Aim of the task — An exact restatement of all the data is required, with the pictures left out.

Data —
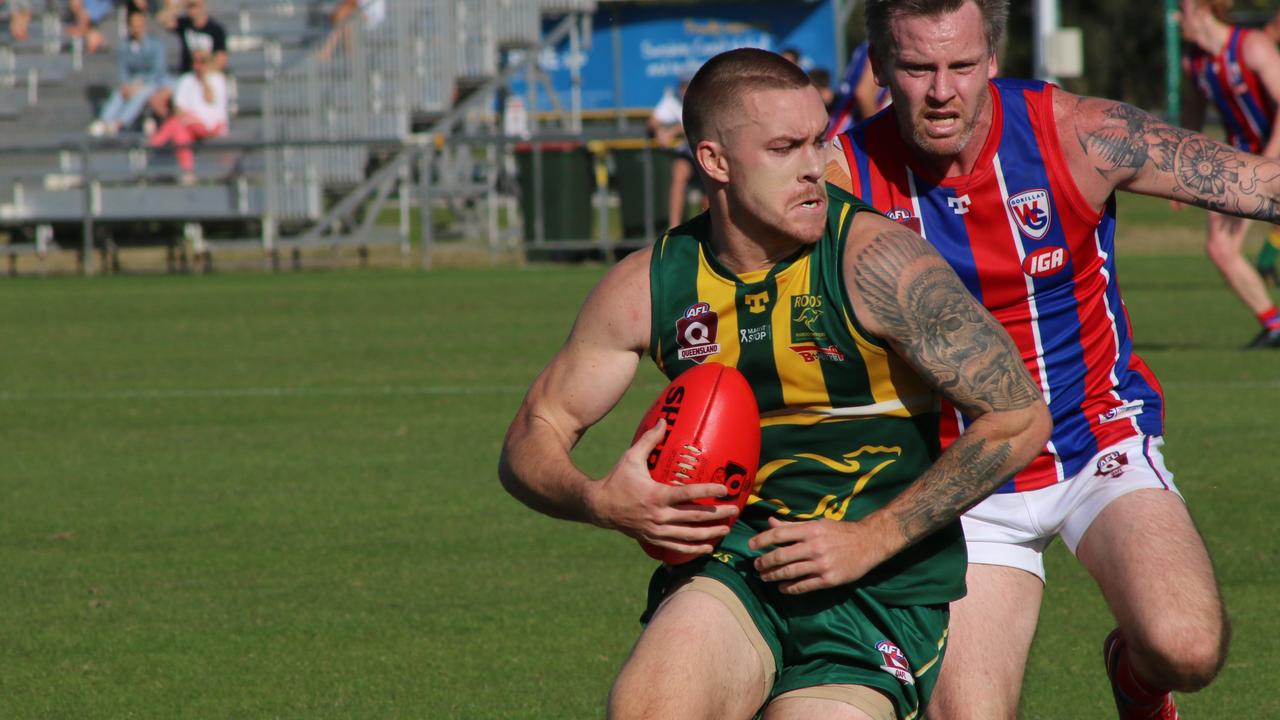 Maroochydore Roos player Sam McKenzie seizes control against Wilston Grange in the QAFL. Picture: Tom Threadingham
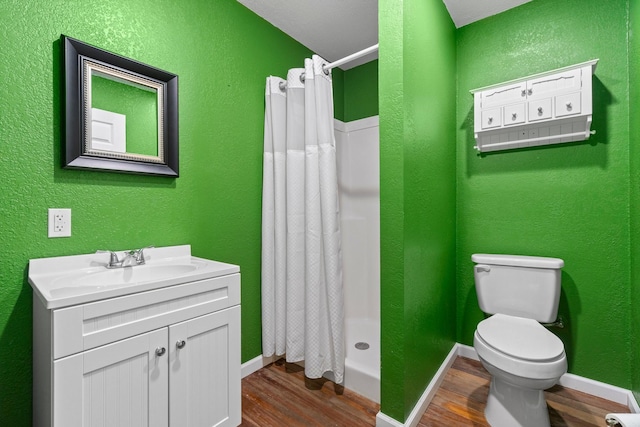 2540 Howell Rd, Corrigan, TX 75939 - full bath featuring wood finished floors, vanity, a shower stall, and a textured wall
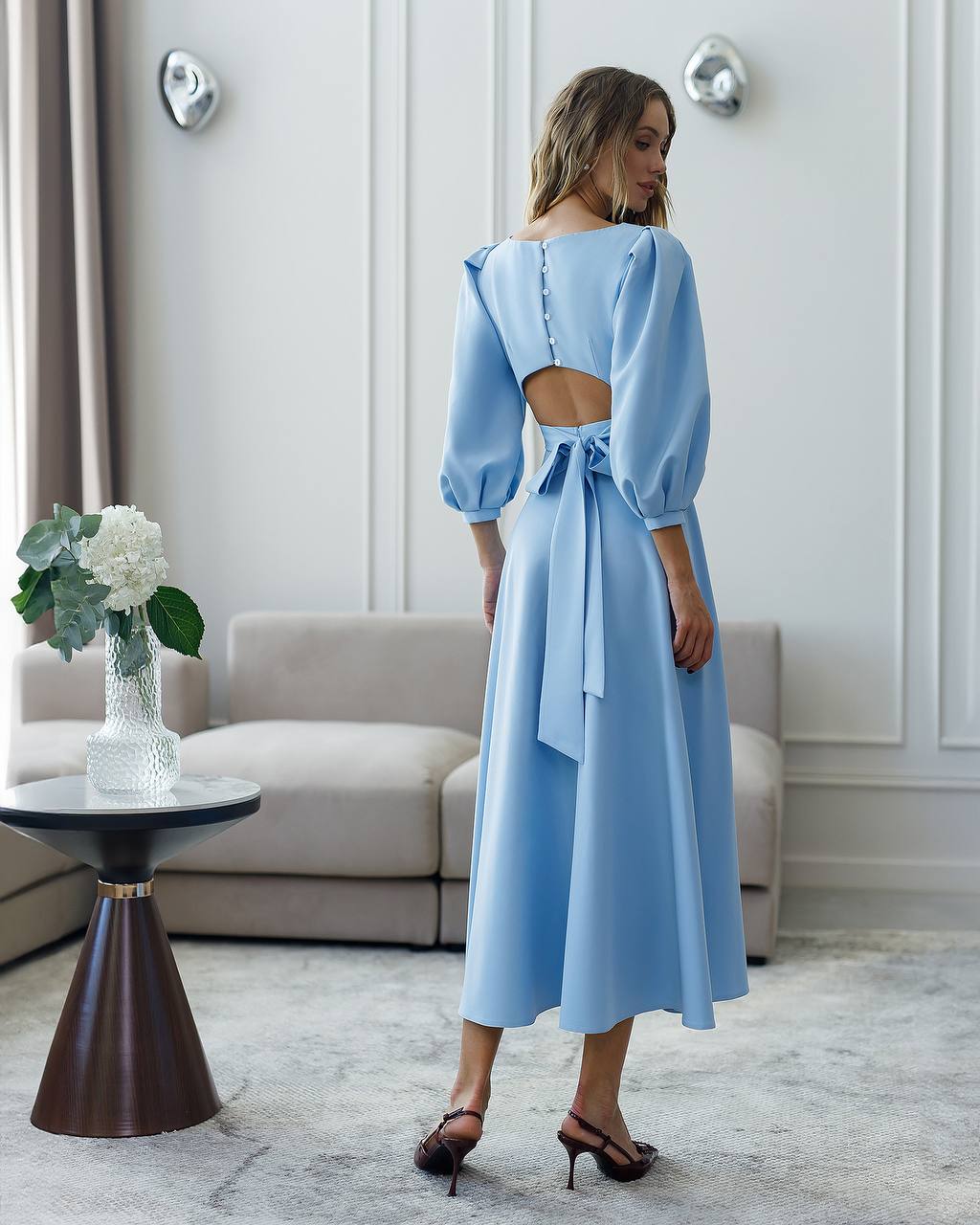 Woman wearing a light blue dress with a backless design in an elegant room.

Result —
 Maroochydore Roos player Sam McKenzie seizes control against Wilston Grange in the QAFL. Picture: Tom Threadingham
 2540 Howell Rd, Corrigan, TX 75939 - full bath featuring wood finished floors, vanity, a shower stall, and a textured wall
 Woman wearing a light blue dress with a backless design in an elegant room.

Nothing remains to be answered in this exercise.